#### [What is being asked]
Needed from the data below: all lines that contain the word "near".

#### [Stored data]
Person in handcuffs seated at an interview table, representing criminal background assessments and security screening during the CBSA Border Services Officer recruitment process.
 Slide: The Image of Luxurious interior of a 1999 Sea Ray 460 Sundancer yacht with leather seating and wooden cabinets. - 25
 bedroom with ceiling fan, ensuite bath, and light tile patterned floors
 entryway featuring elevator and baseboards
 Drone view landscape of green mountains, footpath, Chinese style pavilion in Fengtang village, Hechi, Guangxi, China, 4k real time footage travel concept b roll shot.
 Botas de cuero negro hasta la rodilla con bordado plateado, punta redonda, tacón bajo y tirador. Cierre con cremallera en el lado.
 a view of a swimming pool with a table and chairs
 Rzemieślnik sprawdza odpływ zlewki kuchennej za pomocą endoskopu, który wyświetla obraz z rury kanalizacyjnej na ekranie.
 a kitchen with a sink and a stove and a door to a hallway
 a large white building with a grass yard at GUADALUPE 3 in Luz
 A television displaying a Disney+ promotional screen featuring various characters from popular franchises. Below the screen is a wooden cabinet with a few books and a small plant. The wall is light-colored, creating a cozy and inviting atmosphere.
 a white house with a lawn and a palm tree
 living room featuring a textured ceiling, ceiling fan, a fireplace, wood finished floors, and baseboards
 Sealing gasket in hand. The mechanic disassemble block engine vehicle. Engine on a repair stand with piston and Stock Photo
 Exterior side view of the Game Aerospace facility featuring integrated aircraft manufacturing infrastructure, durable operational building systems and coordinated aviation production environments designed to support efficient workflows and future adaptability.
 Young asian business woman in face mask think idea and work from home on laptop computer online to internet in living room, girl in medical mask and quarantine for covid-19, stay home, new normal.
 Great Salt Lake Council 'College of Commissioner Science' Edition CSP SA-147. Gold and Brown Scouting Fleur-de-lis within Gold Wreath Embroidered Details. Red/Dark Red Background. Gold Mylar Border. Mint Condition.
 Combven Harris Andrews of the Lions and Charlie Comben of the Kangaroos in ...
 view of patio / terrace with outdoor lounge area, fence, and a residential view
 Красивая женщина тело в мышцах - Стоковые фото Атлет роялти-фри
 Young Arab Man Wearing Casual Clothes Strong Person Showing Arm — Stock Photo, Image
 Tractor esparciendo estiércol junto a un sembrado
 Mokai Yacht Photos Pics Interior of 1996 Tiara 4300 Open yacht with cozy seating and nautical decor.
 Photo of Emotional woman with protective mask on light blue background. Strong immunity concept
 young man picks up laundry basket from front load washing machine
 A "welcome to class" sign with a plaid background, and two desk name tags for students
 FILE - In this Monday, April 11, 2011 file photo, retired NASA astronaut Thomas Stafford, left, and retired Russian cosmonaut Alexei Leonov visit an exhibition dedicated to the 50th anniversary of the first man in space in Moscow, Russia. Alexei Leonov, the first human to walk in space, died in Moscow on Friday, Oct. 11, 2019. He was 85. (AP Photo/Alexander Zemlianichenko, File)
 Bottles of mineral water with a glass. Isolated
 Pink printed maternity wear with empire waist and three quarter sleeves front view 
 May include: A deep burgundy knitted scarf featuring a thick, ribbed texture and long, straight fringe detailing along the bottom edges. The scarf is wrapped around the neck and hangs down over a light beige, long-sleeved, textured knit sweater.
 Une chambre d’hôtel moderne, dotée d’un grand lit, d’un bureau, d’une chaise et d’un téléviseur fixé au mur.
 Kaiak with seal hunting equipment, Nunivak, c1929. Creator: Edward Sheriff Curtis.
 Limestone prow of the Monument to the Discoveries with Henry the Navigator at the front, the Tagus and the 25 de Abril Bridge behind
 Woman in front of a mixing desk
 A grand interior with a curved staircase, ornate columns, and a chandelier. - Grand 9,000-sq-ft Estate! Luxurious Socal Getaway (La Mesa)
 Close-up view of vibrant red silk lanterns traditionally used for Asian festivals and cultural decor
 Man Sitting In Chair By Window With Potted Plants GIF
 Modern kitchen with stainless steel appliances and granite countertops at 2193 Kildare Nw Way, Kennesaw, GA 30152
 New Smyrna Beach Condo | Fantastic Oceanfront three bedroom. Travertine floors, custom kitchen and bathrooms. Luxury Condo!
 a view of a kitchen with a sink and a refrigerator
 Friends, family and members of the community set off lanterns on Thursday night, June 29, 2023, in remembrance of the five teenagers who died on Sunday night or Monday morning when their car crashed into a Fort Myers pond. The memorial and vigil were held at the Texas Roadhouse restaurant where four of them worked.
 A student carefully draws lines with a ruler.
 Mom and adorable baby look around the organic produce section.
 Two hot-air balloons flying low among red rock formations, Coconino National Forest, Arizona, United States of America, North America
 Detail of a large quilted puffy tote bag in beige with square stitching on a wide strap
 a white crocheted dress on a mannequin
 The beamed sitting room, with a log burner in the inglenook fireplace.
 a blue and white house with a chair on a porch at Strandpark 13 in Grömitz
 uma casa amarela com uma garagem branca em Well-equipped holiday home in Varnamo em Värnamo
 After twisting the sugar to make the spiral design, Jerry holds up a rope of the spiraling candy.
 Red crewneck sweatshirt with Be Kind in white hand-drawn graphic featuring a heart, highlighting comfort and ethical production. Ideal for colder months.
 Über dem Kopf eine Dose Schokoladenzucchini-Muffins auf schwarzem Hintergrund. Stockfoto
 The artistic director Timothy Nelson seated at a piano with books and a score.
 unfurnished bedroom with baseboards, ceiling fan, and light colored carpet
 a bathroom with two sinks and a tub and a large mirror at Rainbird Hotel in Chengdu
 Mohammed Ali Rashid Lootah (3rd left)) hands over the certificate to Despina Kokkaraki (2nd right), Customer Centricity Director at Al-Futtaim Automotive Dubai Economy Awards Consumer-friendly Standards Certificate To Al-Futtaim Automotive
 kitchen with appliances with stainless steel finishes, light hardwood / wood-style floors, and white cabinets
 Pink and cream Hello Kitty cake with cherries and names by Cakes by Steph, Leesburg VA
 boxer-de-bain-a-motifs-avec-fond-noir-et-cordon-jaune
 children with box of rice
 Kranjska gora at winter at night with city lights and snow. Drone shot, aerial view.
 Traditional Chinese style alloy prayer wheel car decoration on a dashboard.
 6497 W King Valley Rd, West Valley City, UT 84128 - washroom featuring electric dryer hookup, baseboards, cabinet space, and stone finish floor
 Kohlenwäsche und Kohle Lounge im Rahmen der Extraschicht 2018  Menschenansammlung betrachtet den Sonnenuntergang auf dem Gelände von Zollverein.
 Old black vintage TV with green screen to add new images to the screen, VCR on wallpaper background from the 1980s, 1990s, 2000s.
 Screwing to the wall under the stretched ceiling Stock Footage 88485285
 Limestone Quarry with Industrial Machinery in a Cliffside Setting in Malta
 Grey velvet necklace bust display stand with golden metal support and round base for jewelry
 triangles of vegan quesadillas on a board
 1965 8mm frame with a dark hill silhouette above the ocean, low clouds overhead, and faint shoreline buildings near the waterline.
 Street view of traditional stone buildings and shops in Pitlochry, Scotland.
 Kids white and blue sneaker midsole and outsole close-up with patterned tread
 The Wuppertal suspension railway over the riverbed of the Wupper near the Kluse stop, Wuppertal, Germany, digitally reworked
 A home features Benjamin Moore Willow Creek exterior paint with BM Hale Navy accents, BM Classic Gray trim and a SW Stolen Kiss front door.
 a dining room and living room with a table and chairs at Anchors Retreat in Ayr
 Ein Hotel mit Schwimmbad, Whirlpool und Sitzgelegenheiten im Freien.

#### [Solved exercise]
 1965 8mm frame with a dark hill silhouette above the ocean, low clouds overhead, and faint shoreline buildings near the waterline.
 The Wuppertal suspension railway over the riverbed of the Wupper near the Kluse stop, Wuppertal, Germany, digitally reworked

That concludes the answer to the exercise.